Firefox also requires explicitly enabling EnterprisePoliciesEnabled: true — without that flag, Firefox ignores any managed preference. Safari, as a native Apple system app, uses its own payload (com.apple.Safari) with the ExtensionsEnabled: false key.
Is it possible to allow specific extensions while blocking everything else?
Yes. Within ExtensionSettings you can add entries by extension ID with installation_mode: allowed, keeping the wildcard * as the blocked default. This lets you build a corporate allow-list without removing the general block.
Does this approach also cover VS Code, Cursor, or JetBrains extensions?
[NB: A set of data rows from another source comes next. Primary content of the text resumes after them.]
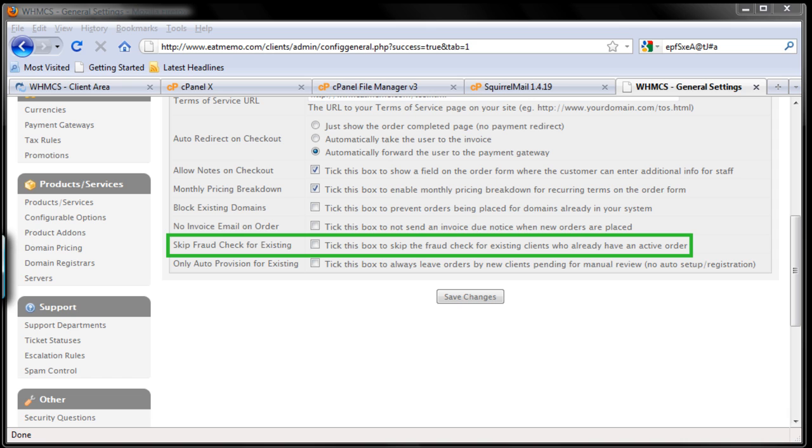Because if an existing client has already passed an initial fraud checking, which I'm going to cover later, we're going to use a fraud checking system so you won't have so many fraud credit card payments and keep the criminals out of your business.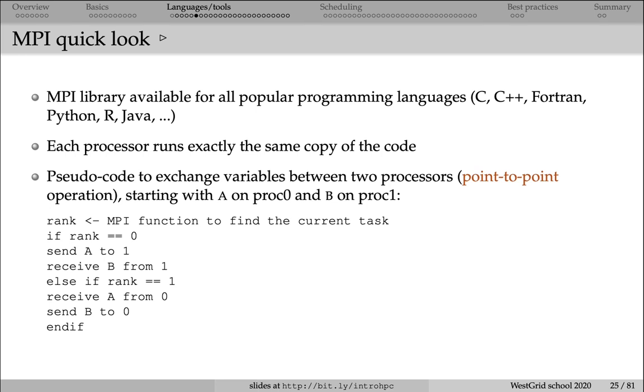Now, let's take a quick look at MPI, the Message Passing Interface Library. This library is available for many different programming languages, the traditional compiled HPC languages C, C++, Fortran, as well as for scripting languages such as Python and R.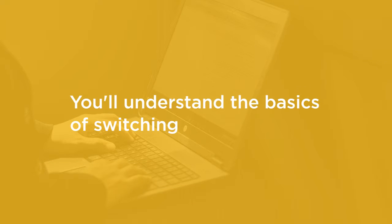By the end of this course, you will be able to understand the basics of switching and feel more confident in applying a base configuration on Juniper EX series switches.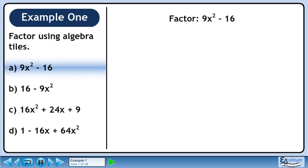In this example, we'll factor several expressions using algebra tiles. In Part A, we'll factor 9x squared minus 16.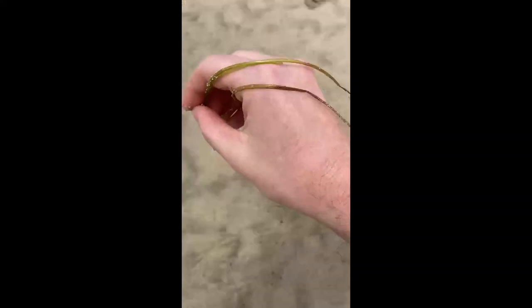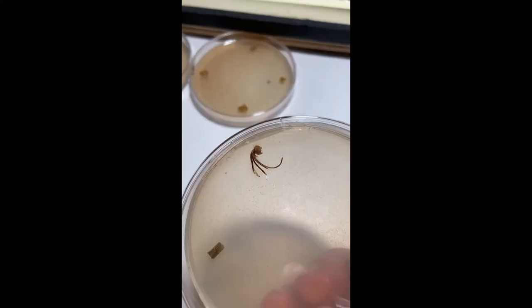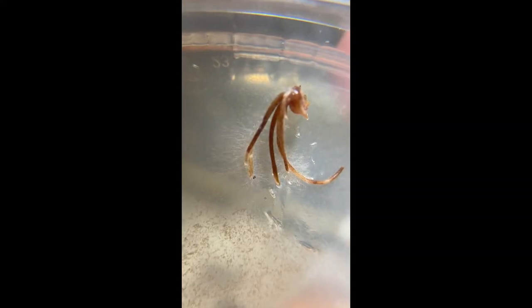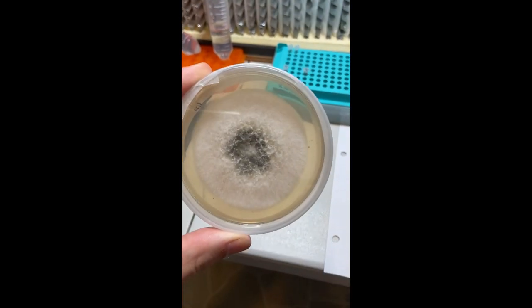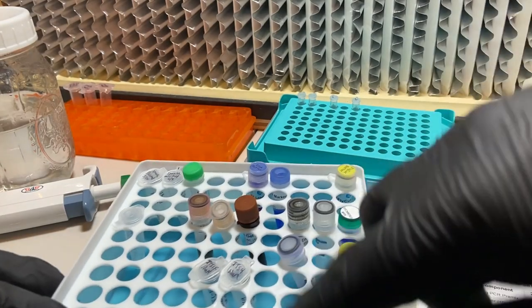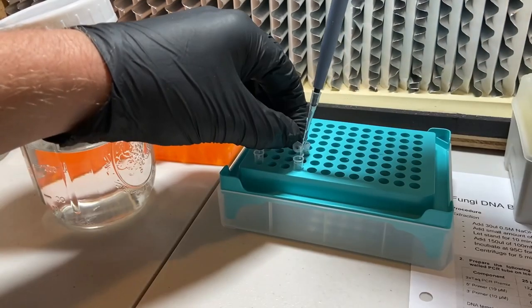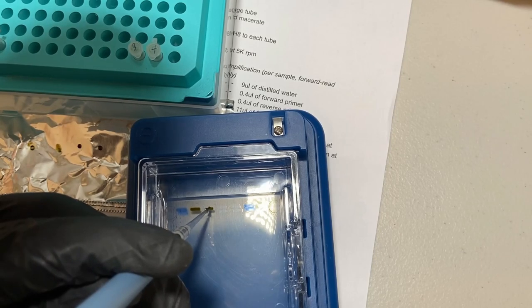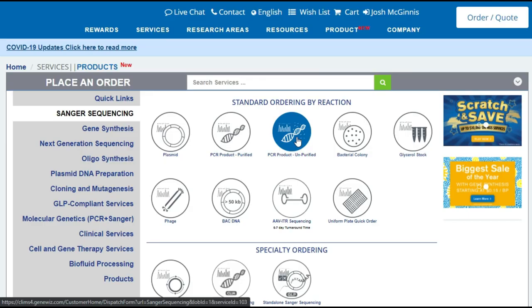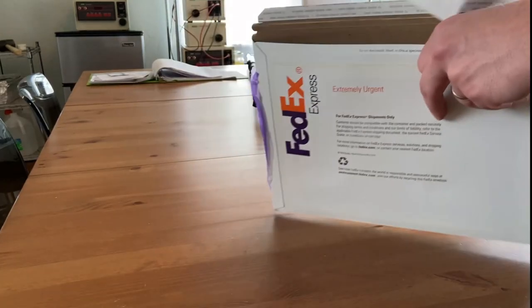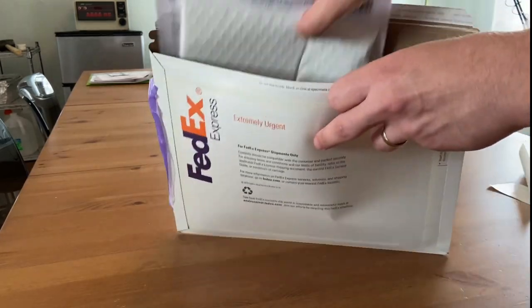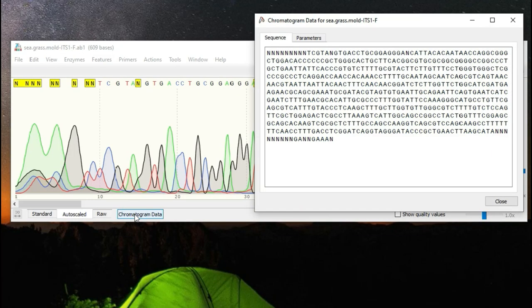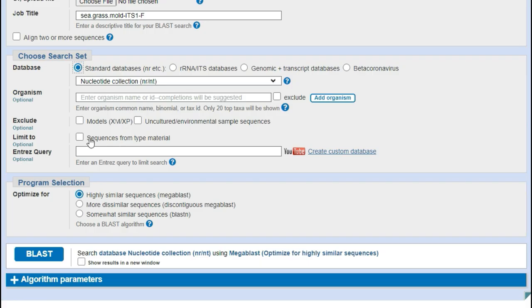In the last video, I showed you how I collected and isolated fungi from some seagrass and performed DNA extraction and PCR on it so that we can DNA barcode the organism and get a proper ID. In this video, we'll continue where we left off by reviewing how to order sequencing online, how to prepare and ship the sample to the lab, and finally how to review and interpret your sequencing results. Let's dive in.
The .mobileconfig profile covers browser extensions only. IDE extensions — VS Code, Cursor, JetBrains — share the same risk model but require a second layer: an audit script that enumerates installed extensions and compares them against a corporate allow-list. On macOS the script runs in Bash; on Windows, in PowerShell. Both can be deployed from Applivery as periodic scripts attached to the device group policy.
Which compliance frameworks require controlling the extension vector?
ISO 27001:2022 covers it under A.8.7 (protection from malware) and A.8.19 (installation of software on operational systems). The Esquema Nacional de Seguridad (RD 311/2022) requires it under op.exp.2 (security configuration) and mp.sw.2 (acceptance and commissioning). Having browser extensions without documented controls is one of the most common findings in endpoint audits in regulated environments.